Kansas Democrat Paul Davis' gubernatorial campaign isn't quite getting the GOP support it touted
, as some of the endorsements it unveiled from a group called the Republicans for Kansas Values turn out to have left the party.
The campaign announced that it had endorsements from 104 moderate Republicans
, reports Politico. However, one Republican on the list, former Kansas Republican Rep. Jan Meyers, said she had never agreed to back Davis and instead supports GOP Gov. Sam Brownback.
Further, another person on the endorsement list, Cynthia Yulich, a former county board of education member, has been registered as a Democrat or an independent since 2008.
Three more supporters, former state Sen. David Wysong, state Rep. Bill Otto, and former state Rep. Ray Cox, all told Politico that they have become registered independents.
Wysong said he became an independent because "the Republican Party has left me in the state of Kansas."
And Cox said he left the party years ago because he did not like it anymore. He had served for 14 years in the state legislature, staying until 2006.
Otto told Politico that he considers himself to be a "Bob Dole Republican," but believes his party has moved "so far to the right I do not feel welcome."
Republicans for Kansas Values and the Davis campaign have also come under fire since the endorsement announcement, after it was revealed that the campaign funded the organization but did not include a disclaimer in its official endorsement announcement. The campaign admitted its error, which is a violation of Kansas election law, on Thursday.
On Friday, Davis spokesman Chris Pumpelly said the campaign is honored to have support of people who want to restore common sense, moderate leadership to Kansas when asked about the independents.
And Wink Winter, a former Republican state senator who organized the effort for Davis, dismissed the criticism and said Brownback was using the issue as a "smokescreen."

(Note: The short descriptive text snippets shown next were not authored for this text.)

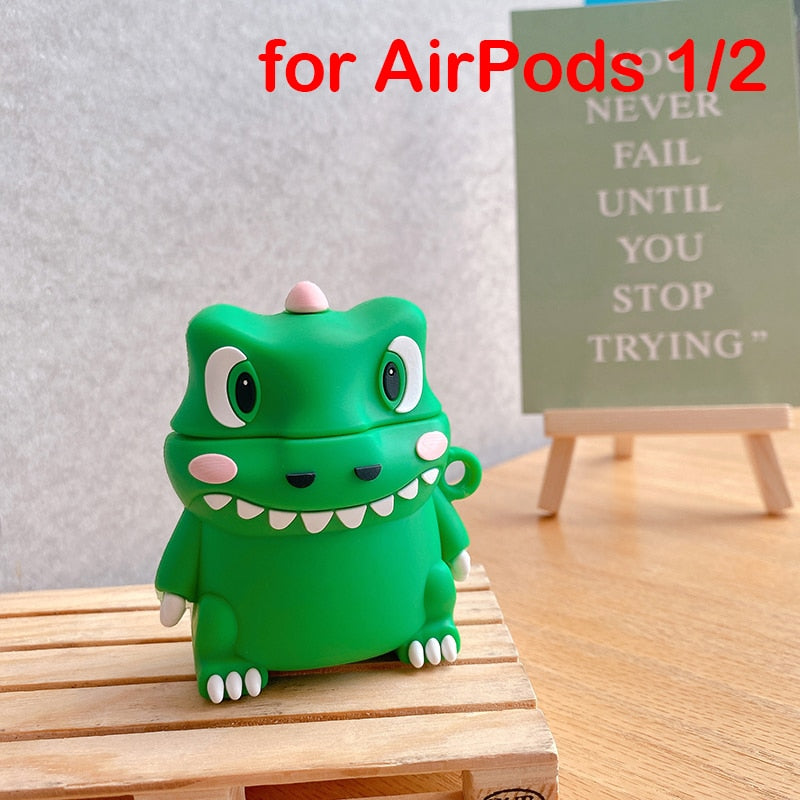 Silicone Dinosaur / Dragon Case For AirPods 1 2 Pro Charge Box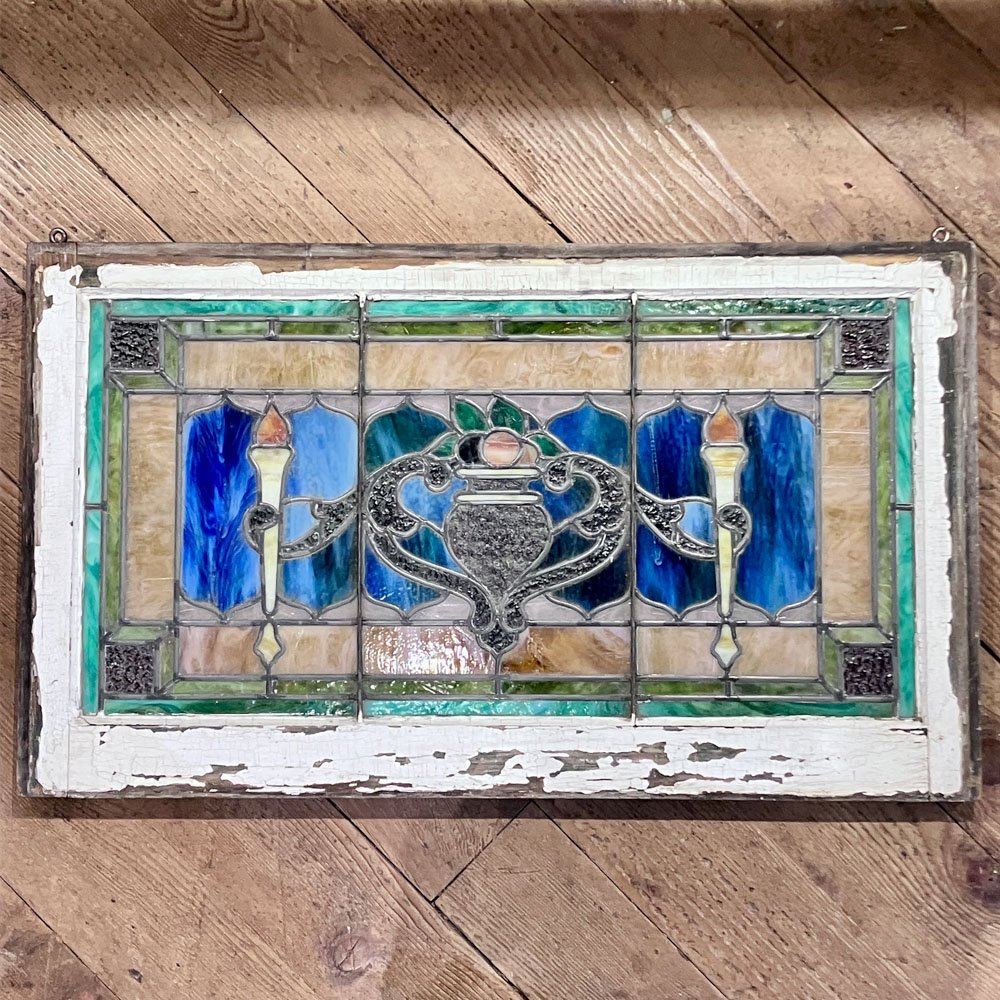 Blue, Amber, Pink, and Green Slag Glass Panel with Cornucopia and Torches - Aurora Mills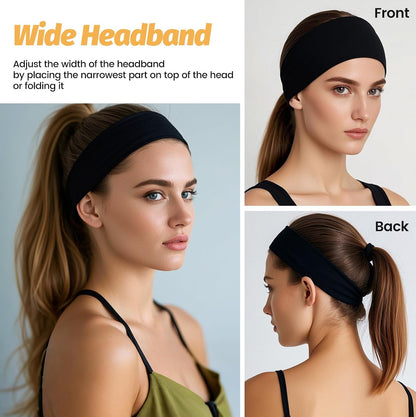 Headbands for Women - 6 Pack Wide Elastic Hair Bands | Stretchy Sweatbands Hair Bands | Soft Sports Thin Head Bands | Non-Slip Accessories Bands for Fashion, Washing Face, Workouts, Yoga, Daily Use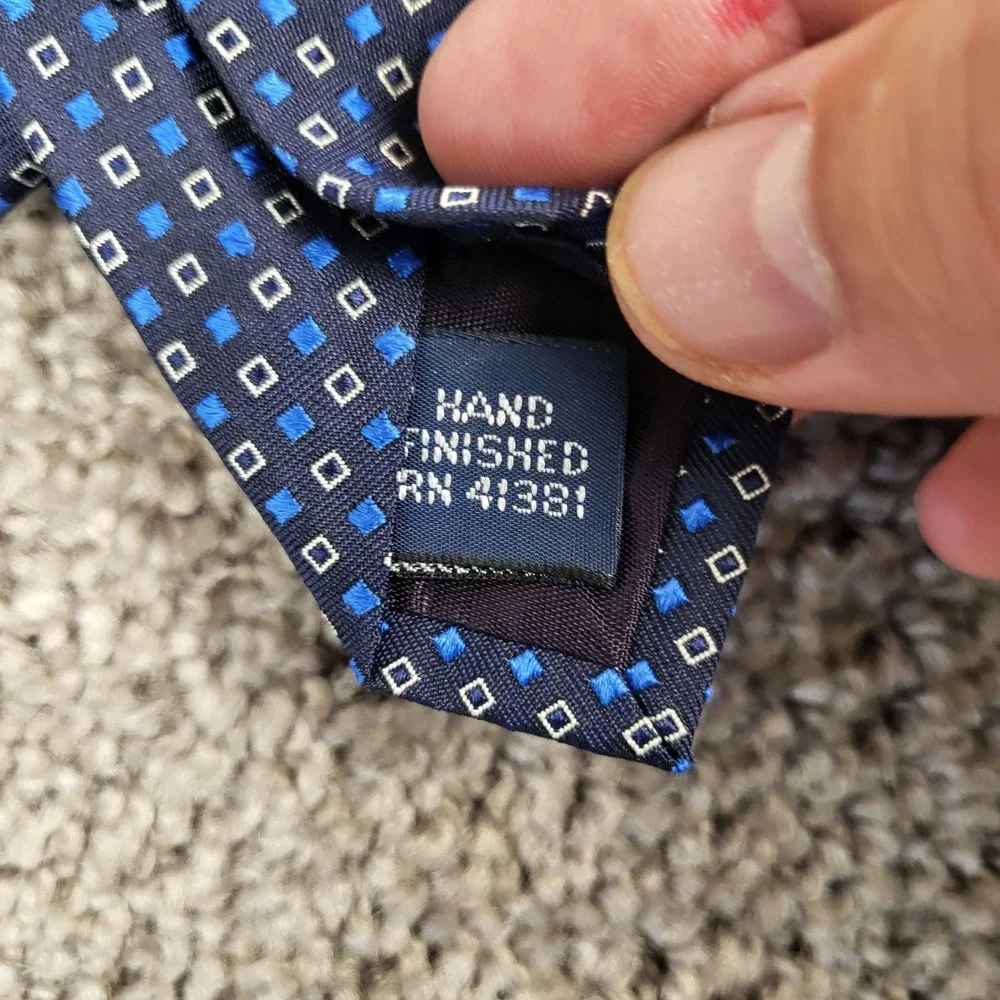 Polo Ralph Lauren Necktie Mens OS Blue Excellent Silk Geometric Hand Finished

Further, Winter said everyone in Republicans for Kansas Values had served the state while they were still Republicans.
In addition, there are still several GOP moderates on the list who support Davis including three former state Senate presidents; three former state House speakers; and Sandy Praeger, the Kansas insurance commissioner.
Public polls show Brownback has angered moderate Republicans by forcing through conservative measures, which could give Davis a bipartisan advantage going into the election.
Kansas Republican Party Executive Director Clayton Barker said Davis' GOP endorsers reflect the "old guard" and none are running this year as Republicans themselves.
"Unquestionably, it will be a tough election, and Brownback gets criticism from both wings of the Republican Party — the more moderate and the more conservative,” Barker said. However, he doesn't believe even moderates will switch to endorse Davis.
And the former Republicans who are "tends to be an older group that has no political future,” Barker said. “They are done with their political life, most of them.”